Was früher für einen soliden Rücktritt gereicht hätte, bewirkt heutzutage – nichts.

Da ist ein ungeheuer stabilisierendes Trägheitsmoment aufgetreten, bei dem bleibt einem nur der Mund offen stehen.

Wer erinnert sich noch?

Ein Politiker zu Guttenberg, der beim schlampigen Abfassen seiner Doktorarbeit erwischt wurde. Plagiatsvorwürfe wurden laut – und ehe sie nur annähernd erhärtet wurden, war der Mann schon von allen Ämtern zurückgetreten.

Oder der SPD-Verteidigungsminister Scharping.

Einmal im Pool auf Mallorca in Begleitung einer Dame fotografiert – weg.

Oder noch früher: Kanzler Brandt trat zurück, weil in seinem unmittelbaren Umfeld ein Stasi-Spion enttarnt wurde. Die Frage, ob er selbst mit dessen Einstellung irgend etwas zu tun habe, blieb unbeantwortet. Er trat zurück.

Und heute?

Wir haben einen Kanzler, der ob seiner ungeklärten Rolle im „cum-ex-Geschäft“ einer namhaften Hamburger Bank in die Kritik gerät. Auf wunderbare Weise lässt das Finanzamt Hamburg die Rückforderung einer namhaften Summe zuviel gezahlter Steuerrückerstattungen einfach mal verjähren. Dem vorausgegangen waren mehrere Gespräche mit dem damals Ersten Bürgermeister.

Im Untersuchungsausschuss kann dieser sich nicht erinnern, was Gegenstand seiner Besprechung mit dem Vorstand der Bank gewesen sein mag. Ja, noch schlimmer, die Termine selbst erinnert er nicht mehr. Und das seltsame Gebaren der Hamburger Finanzbehörde kann er sich auch nicht erklären.
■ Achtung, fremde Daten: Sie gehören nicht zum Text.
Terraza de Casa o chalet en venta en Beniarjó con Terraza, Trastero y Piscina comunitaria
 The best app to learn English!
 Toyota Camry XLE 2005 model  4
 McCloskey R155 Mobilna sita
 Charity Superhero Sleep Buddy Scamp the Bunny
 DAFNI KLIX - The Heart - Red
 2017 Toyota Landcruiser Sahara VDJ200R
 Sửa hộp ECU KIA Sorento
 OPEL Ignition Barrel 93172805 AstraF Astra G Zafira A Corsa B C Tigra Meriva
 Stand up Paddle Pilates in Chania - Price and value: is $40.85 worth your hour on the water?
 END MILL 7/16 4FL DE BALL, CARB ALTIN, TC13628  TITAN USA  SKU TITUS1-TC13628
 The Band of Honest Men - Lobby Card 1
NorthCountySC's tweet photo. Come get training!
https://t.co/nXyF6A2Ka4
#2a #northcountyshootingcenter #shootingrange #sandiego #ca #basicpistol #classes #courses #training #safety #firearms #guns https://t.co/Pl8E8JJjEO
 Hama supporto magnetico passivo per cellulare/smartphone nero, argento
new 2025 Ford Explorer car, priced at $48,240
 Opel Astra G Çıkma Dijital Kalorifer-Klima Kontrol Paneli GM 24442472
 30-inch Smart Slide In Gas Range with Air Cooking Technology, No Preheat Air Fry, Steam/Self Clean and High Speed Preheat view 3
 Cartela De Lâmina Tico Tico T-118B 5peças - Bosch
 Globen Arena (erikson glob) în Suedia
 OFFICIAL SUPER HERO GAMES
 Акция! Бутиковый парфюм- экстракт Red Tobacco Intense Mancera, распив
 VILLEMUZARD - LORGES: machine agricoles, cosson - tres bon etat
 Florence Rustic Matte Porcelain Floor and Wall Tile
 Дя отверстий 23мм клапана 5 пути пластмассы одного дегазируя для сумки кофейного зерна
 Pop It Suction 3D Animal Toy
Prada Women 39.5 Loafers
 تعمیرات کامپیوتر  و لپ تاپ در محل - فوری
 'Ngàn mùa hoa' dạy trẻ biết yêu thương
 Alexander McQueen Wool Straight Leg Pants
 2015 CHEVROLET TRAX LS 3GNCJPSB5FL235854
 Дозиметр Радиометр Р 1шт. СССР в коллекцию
Kann man sich vorstellen, dass unsereiner mit solch läppischen Ausreden in einem Ermittlungsverfahren davonkommt? Wohl kaum, man versuche das mal in einem Verfahren wegen Geschwindigkeitsüberschreitung vorzubringen. So schnell lassen die einen nicht vom Haken.

Mal ganz davon abgesehen, ob er nun tatsächlich etwas Verbotenes getan hat oder nicht – so ein Ermittlungsverfahren und die im Raum stehenden Vorwürfe hätten in der noch gar nicht so fernen Vergangenheit zum Rücktritt des Amtsinhabers geführt. Um Schaden vom Amt abzuwenden.

Aber der Rücktritt als solcher scheint heute doch etwas aus der Mode gekommen zu sein, wie man an zahlreichen anderen Beispielen in der politischen Kaste sehen kann.

Nun, es kommt noch doller.

Endlich gerät Bewegung in die cum-ex-Untersuchung, als die NRW-Staatsanwaltschaft zwei Laptops mit 700 000 e-mails nach Hamburg überstellt. Verzögert, aber immerhin.

Alter! 700 000 e-mails!

Wer asserviert denn so viele e-mails? Aus wie vielen Jahrhunderten stammen denn die?

Löschen die denn gar nichts?

Und warum auf zwei Laptops und nicht auf DVD? Fragen über Fragen.

Aber keine Sorge, Klarheit in der causa entsteht durch diese Beweismittel auch nicht.

Auf unerklärliche Weise hat jemand, der angab, verhindern zu wollen, dass sich die Mitglieder des Untersuchungsausschusses die e-mails ansehen, die zum Teil auch andere Sachverhalte beträfen, die zwei Laptops jetzt „sicher gestellt“ – heißt: aus der Asservatenkammer entfernt. Dieser Jemand ist auch noch Teil des Untersuchungsausschusses. Sowas kann man sich nicht ausdenken!

Wo sie jetzt sind?

„Sag‘ ich nicht. Aber ich verspreche, nicht daran herum zu manipulieren“.

Ah ja.

Das beruhigt doch ungemein.

 

Auf verschiedenen sozialen Medien werden jetzt „Bananenrepublik“-Rufe laut.

Also bitte, damit täte man einer veritablen Bananenrepublik ganz sicher unrecht.

Die würden sich wenigstens noch Mühe geben, nicht aufzufallen.